9. Stress und Gesundheit Flashcards
(29 cards)
Hintergrund und Forschungsansätze (Faltermaier, 2017)
- Bislang keine allgemein akzeptierte Definition des Begriffes „Stress“ (Begriff stammt ursprünglich aus der Physik)
- Unterscheidung zwischen verschiedenen Forschungstraditionen bzw. -ansätzen
- Forschungsansätze und Theorien zu Stress liegen aus der Biologie, der Medizin, der Psychologie und der Soziologie vor
Häufig zitierte Definition von Stress
Stress ist „…jedes Ereignis, in dem äußere oder innere Anforderungen (oder beide) die Anpassungsfähigkeit eines Individuums (oder sozialen Systems) oder eines organischen Systems beanspruchen oder übersteigen“ (Lazarus & Launier, 1981, S. 226)
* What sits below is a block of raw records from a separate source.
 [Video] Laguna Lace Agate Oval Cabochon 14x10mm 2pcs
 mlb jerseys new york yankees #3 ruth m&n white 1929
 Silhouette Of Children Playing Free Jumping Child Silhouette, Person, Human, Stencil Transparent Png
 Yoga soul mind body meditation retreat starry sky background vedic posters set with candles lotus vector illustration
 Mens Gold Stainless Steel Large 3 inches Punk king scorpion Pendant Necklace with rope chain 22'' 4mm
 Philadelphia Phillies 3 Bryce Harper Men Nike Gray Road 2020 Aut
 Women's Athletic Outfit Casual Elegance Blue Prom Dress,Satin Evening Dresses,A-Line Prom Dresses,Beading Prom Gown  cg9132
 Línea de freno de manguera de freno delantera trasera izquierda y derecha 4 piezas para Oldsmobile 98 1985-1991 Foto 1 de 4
Forschungsansätze (Kohlmann & Eschenbeck, 2018)
- Reaktionsbezogene Stresskonzeptionen (zentral: Analyse stress- bezogener Reaktionsmuster und Verhaltensweisen)
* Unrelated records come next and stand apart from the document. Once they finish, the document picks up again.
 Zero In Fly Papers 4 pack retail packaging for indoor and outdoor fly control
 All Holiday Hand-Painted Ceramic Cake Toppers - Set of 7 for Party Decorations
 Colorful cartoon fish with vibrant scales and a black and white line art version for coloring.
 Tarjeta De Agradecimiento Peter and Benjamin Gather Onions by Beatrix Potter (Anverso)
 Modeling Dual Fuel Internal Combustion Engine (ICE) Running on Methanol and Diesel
- Situationsbezogene Stresskonzeptionen (zentral: Rolle von Umwelt- bedingungen als Stressoren)
- Relationale Stresskonzeptionen (zentral: Person-Umwelt-Beziehung in belastenden Auseinandersetzungen)
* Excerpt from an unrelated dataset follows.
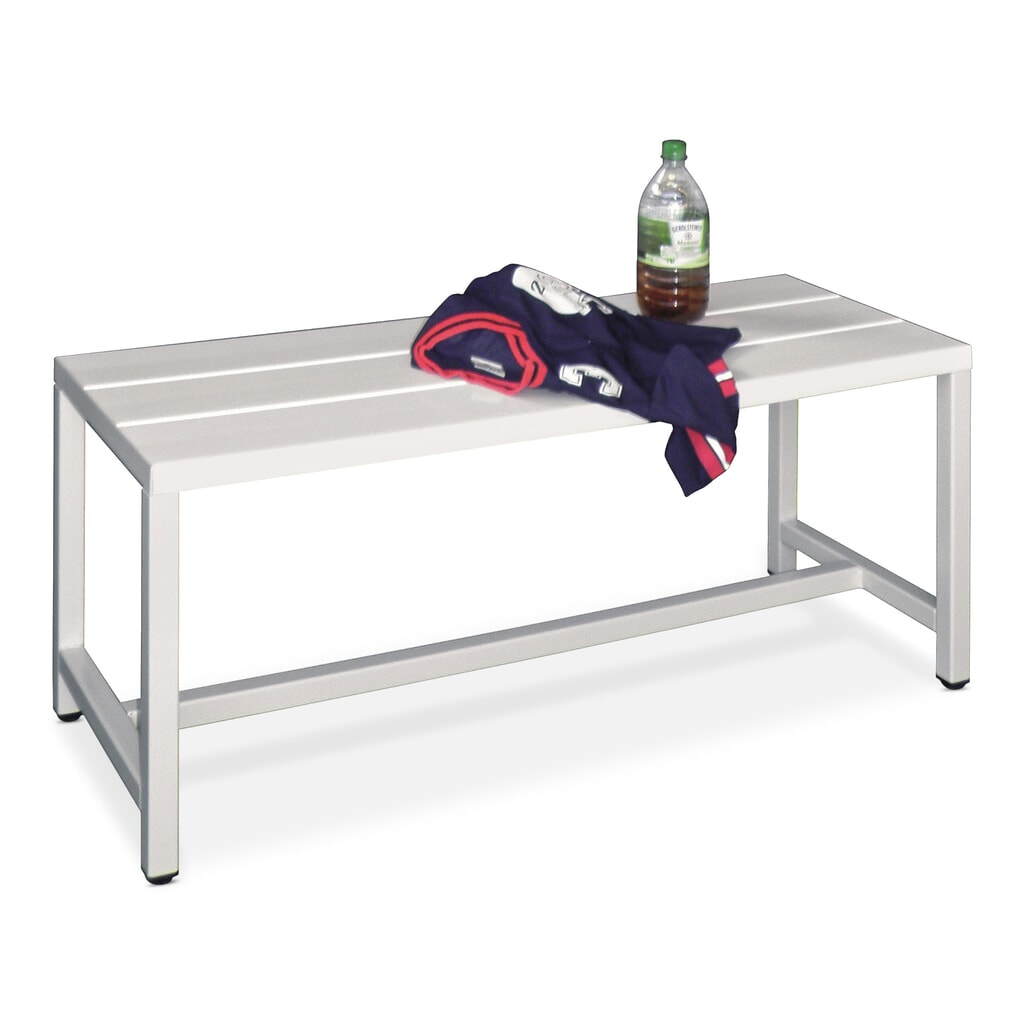 Product afbeelding: Kleedkamerbank PAVOY, lengte 1.000 mm, zonder schoenenrek, zuiver wit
Reaktionsbezogene Stresskonzeptionen (Faltermaier, 2017)
- Als Begründer der modernen Stressforschung wird häufig der Mediziner Hans Selye (1907-1982) bezeichnet
- Für Selye ist Stress in erster Linie ein Zustand des Organismus -Auslöser dieses Zustands sind sogenannte Stressoren
Beispiele für Stressoren (nach Kohlmann & Eschenbeck, 2018)
Kritische Lebensereignisse (z.B. Tod eines Familienmitglieds) Traumatische Ereignisse (z.B. Naturkatastrophen)
Chronische Stressoren (z.B. eine chronische Erkrankung)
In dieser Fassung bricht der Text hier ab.